Invest aggressively in educating yourself
Before you can justify a rate increase, you have to prove your worth. This doesn’t mean you have to go to school again and finish another degree. This only means you have to be proactive in finding the means to educate and improve yourself. And it doesn’t end there, you also have to demonstrate your skills through work-related applications and work samples.
Develop a specialty
When you’re freelancing, you have to remember that you won’t earn as much if you take the Jack of all trades but master of none route. Instead of being a generalist, choose a niche or area of specialization and master it.

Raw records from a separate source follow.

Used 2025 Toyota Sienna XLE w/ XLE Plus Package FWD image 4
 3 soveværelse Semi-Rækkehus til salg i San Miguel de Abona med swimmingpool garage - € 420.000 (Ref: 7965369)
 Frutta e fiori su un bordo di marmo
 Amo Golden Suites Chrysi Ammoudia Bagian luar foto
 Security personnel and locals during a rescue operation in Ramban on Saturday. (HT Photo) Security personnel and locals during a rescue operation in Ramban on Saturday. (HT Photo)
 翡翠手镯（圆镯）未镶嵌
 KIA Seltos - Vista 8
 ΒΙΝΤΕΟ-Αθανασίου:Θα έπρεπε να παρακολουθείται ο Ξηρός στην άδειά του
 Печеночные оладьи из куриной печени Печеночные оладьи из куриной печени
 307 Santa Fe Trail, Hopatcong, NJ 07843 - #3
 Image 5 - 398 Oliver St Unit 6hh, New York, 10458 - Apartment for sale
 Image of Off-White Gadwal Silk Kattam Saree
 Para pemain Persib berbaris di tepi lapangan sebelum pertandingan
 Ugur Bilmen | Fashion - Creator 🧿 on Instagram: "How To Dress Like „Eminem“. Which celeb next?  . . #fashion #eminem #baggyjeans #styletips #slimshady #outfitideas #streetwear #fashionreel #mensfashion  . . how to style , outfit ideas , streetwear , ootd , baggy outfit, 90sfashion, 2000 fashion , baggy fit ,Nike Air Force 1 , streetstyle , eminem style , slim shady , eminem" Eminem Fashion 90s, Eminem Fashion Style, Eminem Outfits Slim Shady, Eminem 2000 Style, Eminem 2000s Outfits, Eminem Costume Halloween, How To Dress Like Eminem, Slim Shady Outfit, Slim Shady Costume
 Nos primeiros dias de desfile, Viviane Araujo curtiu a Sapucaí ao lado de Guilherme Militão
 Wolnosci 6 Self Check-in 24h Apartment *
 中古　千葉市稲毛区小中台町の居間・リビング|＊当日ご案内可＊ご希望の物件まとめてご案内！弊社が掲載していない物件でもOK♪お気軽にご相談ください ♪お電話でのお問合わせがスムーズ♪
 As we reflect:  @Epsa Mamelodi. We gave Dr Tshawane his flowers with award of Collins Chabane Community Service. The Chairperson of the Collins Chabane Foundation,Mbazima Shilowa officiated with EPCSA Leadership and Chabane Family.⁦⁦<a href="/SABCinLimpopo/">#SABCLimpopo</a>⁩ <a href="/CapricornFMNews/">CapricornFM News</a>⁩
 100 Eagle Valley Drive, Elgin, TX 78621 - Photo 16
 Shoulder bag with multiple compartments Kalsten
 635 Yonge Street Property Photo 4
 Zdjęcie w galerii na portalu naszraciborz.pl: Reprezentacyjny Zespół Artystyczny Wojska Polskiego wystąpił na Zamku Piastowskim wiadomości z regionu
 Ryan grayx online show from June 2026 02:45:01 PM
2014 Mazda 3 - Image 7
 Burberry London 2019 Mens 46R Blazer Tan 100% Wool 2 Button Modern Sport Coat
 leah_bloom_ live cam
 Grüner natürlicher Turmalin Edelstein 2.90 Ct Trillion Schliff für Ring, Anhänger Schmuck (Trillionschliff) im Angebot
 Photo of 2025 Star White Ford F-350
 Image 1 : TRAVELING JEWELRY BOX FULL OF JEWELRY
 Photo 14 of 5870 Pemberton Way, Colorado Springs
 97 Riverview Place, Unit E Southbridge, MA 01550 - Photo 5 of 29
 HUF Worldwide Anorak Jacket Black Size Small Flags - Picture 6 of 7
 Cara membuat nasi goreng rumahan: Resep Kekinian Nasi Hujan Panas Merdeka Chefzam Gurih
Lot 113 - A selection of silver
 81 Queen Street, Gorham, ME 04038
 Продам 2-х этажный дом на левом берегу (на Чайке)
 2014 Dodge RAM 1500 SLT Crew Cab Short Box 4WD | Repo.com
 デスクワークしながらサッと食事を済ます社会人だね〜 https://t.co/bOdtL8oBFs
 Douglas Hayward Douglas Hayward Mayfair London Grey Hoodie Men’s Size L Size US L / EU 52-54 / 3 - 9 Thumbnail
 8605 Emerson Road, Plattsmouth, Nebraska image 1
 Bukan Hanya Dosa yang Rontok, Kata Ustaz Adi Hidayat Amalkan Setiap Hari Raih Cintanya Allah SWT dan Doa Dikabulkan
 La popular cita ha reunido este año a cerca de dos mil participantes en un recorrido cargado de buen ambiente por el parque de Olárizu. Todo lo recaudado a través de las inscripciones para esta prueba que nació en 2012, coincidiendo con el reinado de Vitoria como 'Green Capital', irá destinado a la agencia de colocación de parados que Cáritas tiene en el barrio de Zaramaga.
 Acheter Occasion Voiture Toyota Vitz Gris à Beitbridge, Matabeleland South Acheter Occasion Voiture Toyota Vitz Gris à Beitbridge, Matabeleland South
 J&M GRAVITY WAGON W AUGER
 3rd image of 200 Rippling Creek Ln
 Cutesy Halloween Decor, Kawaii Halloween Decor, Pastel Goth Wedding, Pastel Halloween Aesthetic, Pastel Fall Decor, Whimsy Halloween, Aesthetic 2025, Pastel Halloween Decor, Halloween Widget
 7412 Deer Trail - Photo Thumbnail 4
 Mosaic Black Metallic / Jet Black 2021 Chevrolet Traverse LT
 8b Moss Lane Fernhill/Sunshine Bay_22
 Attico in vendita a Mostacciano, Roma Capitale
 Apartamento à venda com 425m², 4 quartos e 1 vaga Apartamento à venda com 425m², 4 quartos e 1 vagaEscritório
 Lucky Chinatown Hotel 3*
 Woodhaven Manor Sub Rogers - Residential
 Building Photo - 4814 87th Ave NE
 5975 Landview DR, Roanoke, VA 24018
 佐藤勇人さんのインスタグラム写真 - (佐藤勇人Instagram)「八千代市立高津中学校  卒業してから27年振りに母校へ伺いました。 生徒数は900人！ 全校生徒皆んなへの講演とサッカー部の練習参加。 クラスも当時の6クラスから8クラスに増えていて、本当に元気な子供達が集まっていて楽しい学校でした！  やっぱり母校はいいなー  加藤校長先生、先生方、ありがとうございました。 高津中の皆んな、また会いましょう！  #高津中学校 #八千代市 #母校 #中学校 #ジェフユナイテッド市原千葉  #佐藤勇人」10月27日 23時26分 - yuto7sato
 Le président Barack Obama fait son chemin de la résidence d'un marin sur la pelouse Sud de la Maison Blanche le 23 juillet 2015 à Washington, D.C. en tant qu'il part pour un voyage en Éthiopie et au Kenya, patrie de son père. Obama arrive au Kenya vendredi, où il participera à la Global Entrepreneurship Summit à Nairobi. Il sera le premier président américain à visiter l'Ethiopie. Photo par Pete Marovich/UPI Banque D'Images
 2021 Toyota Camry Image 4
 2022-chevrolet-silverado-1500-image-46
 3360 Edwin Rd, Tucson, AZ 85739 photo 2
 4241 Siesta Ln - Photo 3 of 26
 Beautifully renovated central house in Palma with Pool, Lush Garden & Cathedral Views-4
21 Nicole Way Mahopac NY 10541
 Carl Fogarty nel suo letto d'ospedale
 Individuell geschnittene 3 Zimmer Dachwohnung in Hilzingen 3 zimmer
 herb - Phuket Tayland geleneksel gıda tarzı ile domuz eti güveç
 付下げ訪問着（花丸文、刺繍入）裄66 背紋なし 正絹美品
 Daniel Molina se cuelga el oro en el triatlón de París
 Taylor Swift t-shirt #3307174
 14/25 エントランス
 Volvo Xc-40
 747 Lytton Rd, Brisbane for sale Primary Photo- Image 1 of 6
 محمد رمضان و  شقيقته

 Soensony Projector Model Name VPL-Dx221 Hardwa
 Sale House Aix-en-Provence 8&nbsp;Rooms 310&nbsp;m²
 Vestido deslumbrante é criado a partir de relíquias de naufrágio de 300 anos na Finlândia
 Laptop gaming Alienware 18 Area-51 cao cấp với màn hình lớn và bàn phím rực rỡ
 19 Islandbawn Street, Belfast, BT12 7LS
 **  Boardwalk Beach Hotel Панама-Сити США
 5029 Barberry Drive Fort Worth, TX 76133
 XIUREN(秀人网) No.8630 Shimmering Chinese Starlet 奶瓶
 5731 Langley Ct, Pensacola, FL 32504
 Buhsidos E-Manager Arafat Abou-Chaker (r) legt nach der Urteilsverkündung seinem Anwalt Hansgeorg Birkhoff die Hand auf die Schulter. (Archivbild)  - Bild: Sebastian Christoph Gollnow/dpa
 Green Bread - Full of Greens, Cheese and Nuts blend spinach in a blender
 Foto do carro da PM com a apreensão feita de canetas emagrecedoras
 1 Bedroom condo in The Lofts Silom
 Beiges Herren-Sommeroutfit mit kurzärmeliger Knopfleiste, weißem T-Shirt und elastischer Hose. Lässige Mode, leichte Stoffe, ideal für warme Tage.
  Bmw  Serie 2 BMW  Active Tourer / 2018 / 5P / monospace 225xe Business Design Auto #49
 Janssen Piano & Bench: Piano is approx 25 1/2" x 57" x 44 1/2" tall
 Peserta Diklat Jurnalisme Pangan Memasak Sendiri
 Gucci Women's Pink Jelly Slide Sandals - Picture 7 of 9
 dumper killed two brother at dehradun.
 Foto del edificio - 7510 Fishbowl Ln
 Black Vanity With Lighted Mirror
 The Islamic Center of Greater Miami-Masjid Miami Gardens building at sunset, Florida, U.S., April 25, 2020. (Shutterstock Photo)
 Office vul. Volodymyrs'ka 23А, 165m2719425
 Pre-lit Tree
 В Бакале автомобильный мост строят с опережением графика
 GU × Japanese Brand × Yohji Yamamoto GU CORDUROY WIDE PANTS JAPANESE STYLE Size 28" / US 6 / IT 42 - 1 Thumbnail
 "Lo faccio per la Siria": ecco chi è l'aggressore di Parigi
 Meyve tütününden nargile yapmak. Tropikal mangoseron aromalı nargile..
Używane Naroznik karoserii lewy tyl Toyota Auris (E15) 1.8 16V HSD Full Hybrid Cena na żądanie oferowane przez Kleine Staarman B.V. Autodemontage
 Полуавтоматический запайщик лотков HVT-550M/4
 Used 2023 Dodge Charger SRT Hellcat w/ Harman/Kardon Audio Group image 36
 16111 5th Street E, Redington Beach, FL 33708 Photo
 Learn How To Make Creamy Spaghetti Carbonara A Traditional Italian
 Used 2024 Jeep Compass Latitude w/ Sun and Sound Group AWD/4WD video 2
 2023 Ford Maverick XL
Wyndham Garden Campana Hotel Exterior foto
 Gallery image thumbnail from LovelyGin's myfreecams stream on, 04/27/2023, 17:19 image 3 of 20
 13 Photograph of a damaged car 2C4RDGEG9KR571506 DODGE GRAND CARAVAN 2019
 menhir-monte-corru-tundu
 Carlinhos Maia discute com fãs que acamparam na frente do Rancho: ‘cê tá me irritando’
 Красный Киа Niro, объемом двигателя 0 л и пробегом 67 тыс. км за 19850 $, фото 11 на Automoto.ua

If you want to be a top-caliber WordPress developer, be aggressive in learning everything you need to know about the job. Hone your skills until you can master everything about the program. If you want to be a highly paid copywriter, master topics like SEO, digital marketing, social media, and so on. All these can help you be a well-versed copywriter ready to upgrade your clients’ businesses.
Clients are willing to pay for experts. But when you do too many things at the same time, your reputation as a subject matter expert can be compromised. This can also compromise your chances of pegging higher freelance rates.
Publish your rates on your website
Experts suggest that you can successfully increase your rate if you include a pricing page on your website. You need to get paid for what you’re worth. If you publish your freelance rates on your website, it’s easy to set the right precedent and persuade the right clients to partner with you.
It would be best if you can create an official pricing sheet including the following:
- Rush project rates
- Cross-sell or upsell services
- Hourly update or maintenance work
- Industry-specific rate
- Per project rate
When you set the price for your service, you eliminate clients who can’t afford your rate. Those who can afford to pay you will also be able to set their budgets from the get-go. It’s a win-win for you and the client.
While knowing and implementing these things can be confusing and challenging, one thing is for sure. Freelancing may not be for everyone, but if you’re willing to learn the trade and improve yourself, you can successfully make it in this industry.